**About this task**
Restate word for word the lines below that run from the one holding "How To Make" through the one holding "Stereo-Lautsprecher korrekt ausgerichtet", inclusive. Pictures don't belong in the copy.
--- START ---
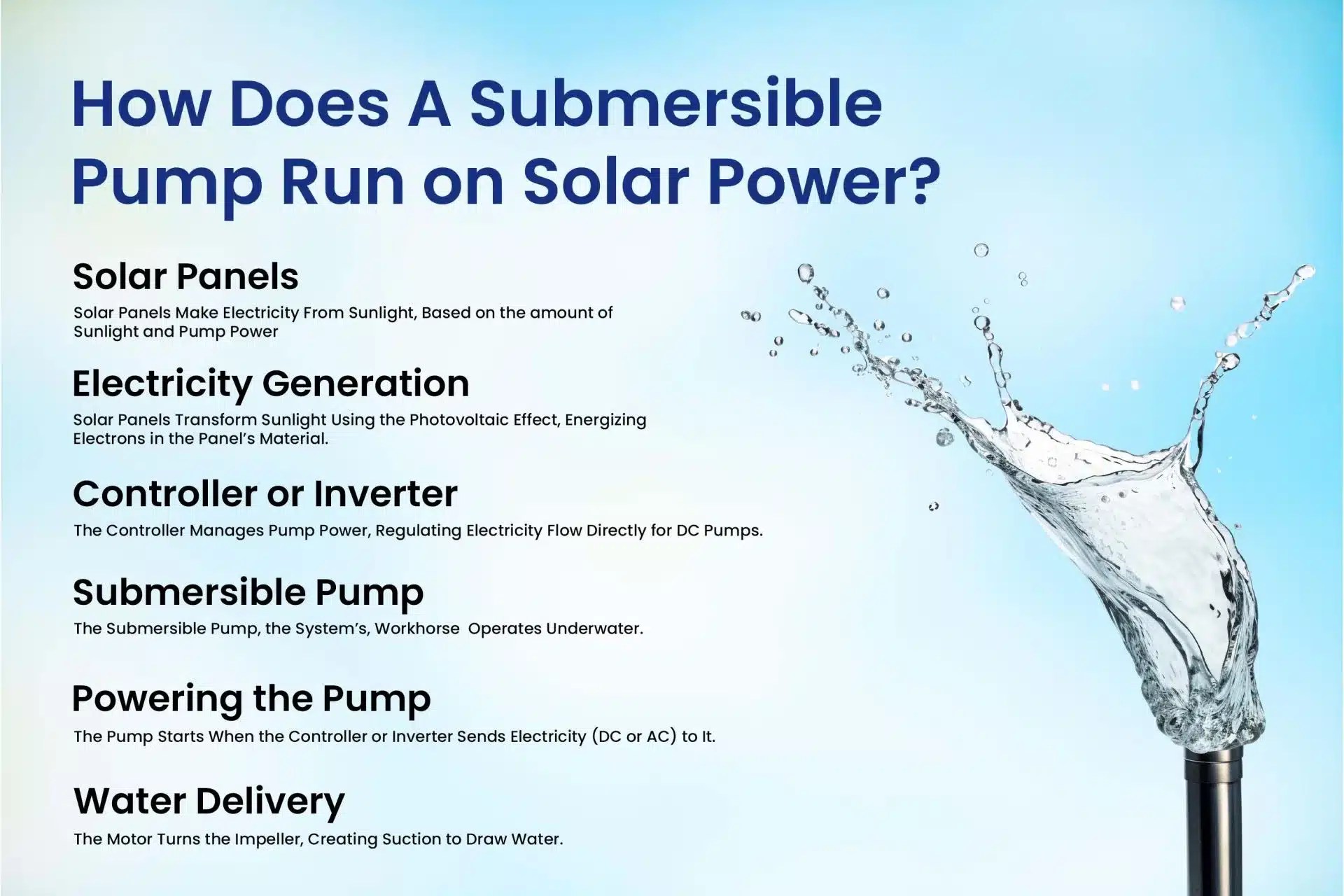 Power Up Your Well Can Submersible Pump Run on Solar Power?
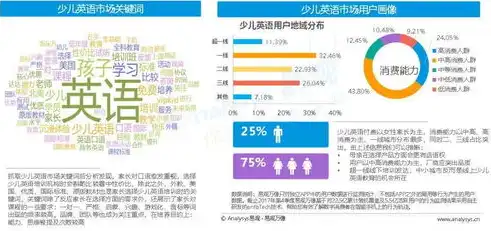 揭秘外推关键词，如何精准定位目标用户群体，外推关键词排名代发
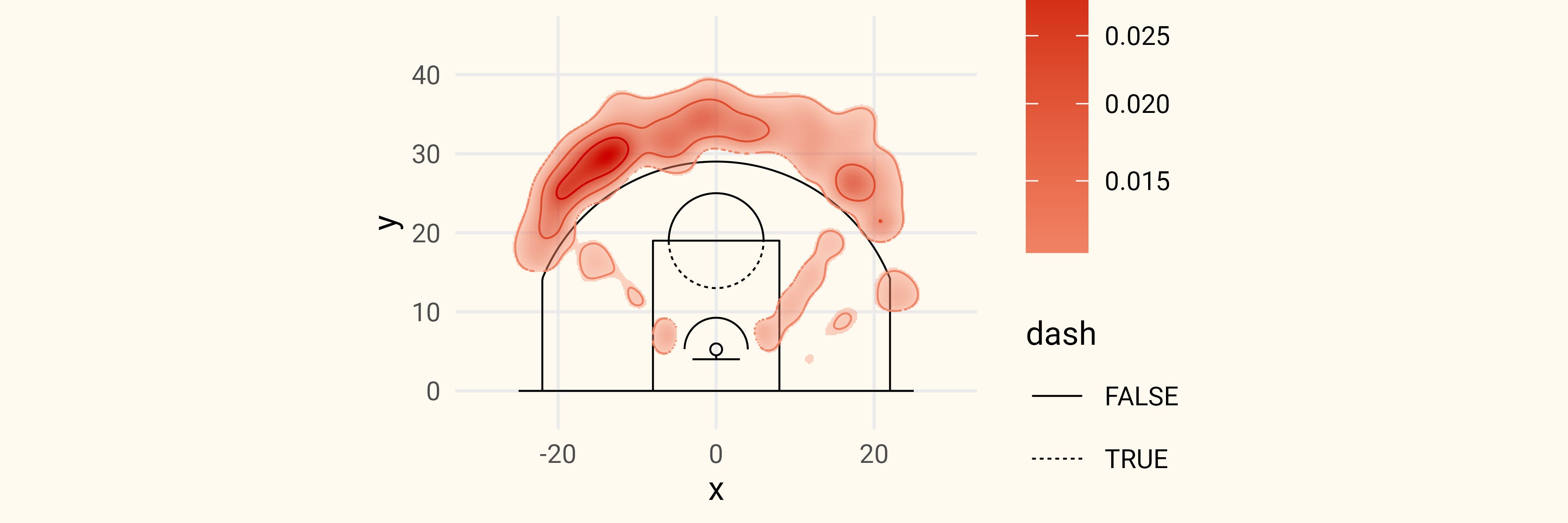 How To Make A Hot Spot Shot Chart - by Owen Phillips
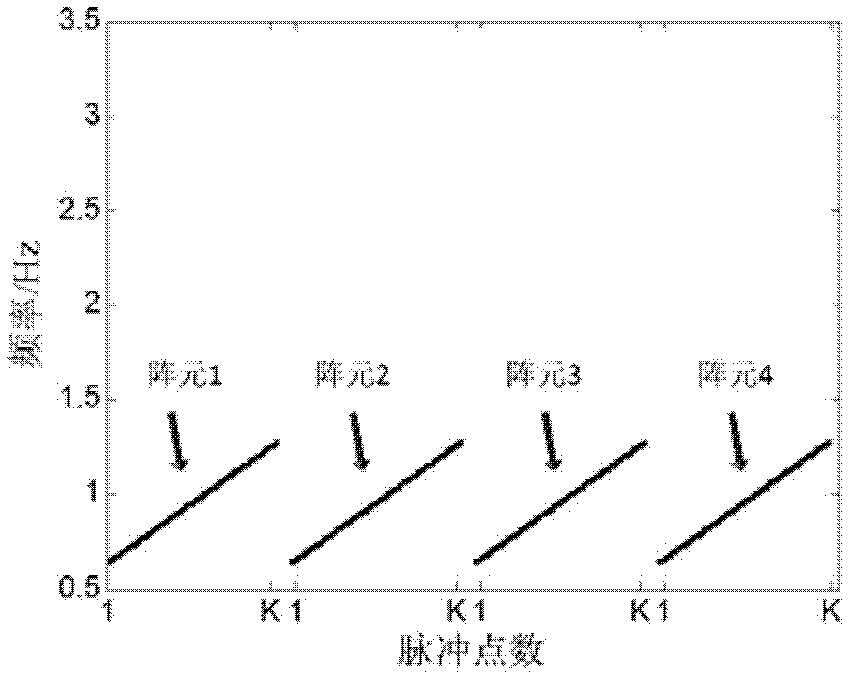 Airborne maneuvering target detection method based on time sampling reconstruction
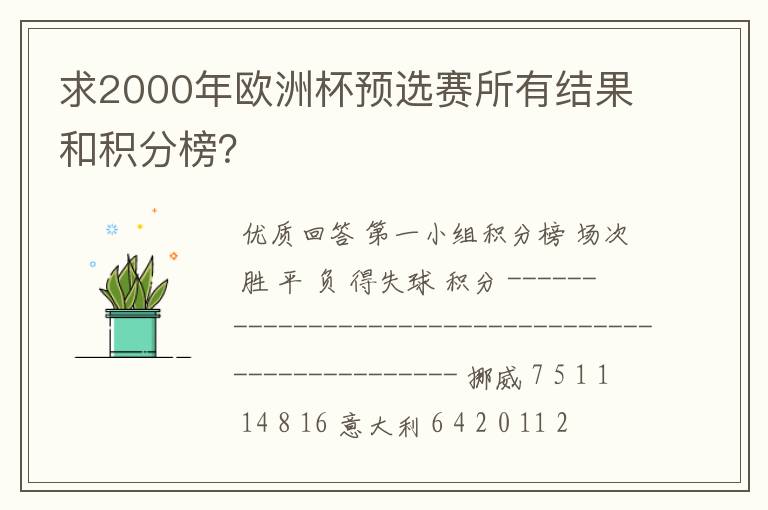 求2000年欧洲杯预选赛所有结果和积分榜?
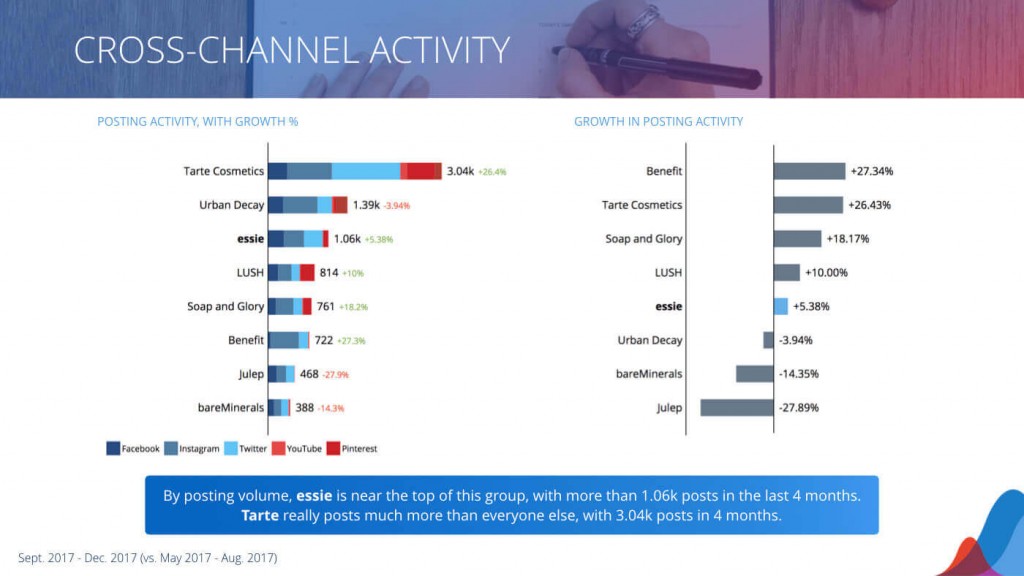 Free Social Media Report Template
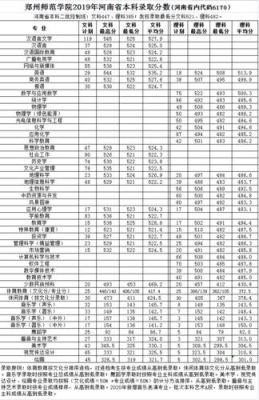 2014年郑州师范学院文科分数线是多？（郑州师范文科专业分数线2015）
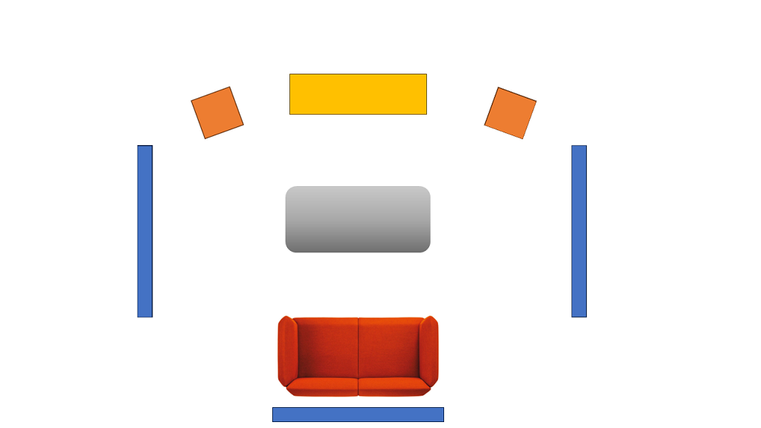 Stereo-Lautsprecher korrekt ausgerichtet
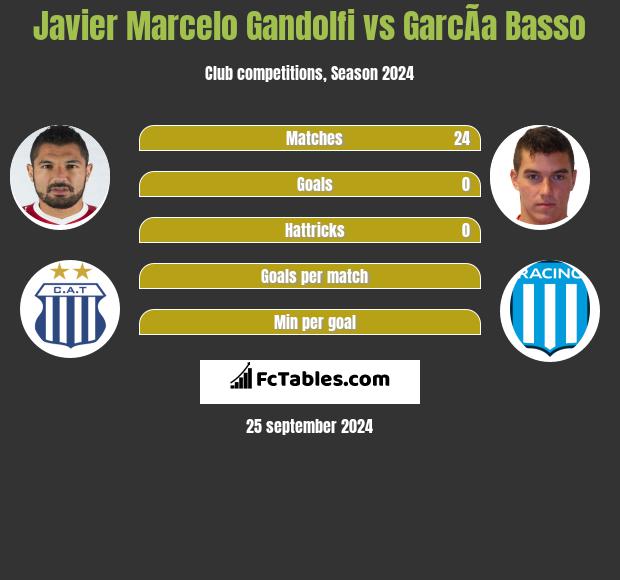 Javier Marcelo Gandolfi vs GarcÃ­a Basso h2h player stats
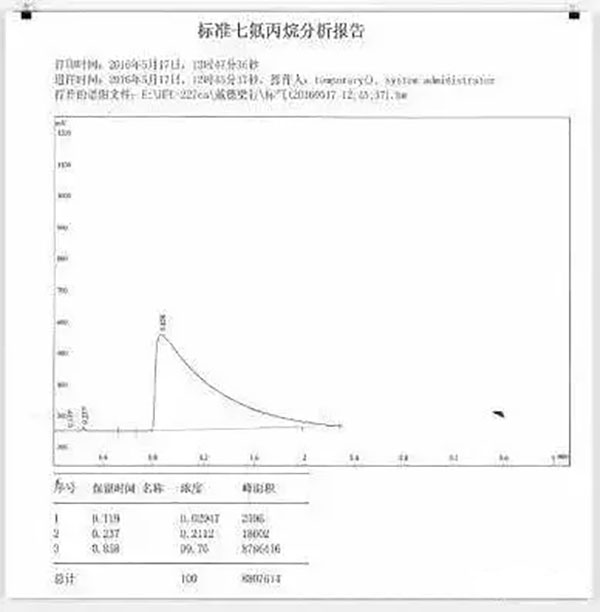 氣體滅火系統的安裝以及會發生爆炸危害的原因分析、檢測方法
--- END ---
**Solution for this exercise**
 How To Make A Hot Spot Shot Chart - by Owen Phillips
 Airborne maneuvering target detection method based on time sampling reconstruction
 求2000年欧洲杯预选赛所有结果和积分榜?
 Free Social Media Report Template
 2014年郑州师范学院文科分数线是多？（郑州师范文科专业分数线2015）
 Stereo-Lautsprecher korrekt ausgerichtet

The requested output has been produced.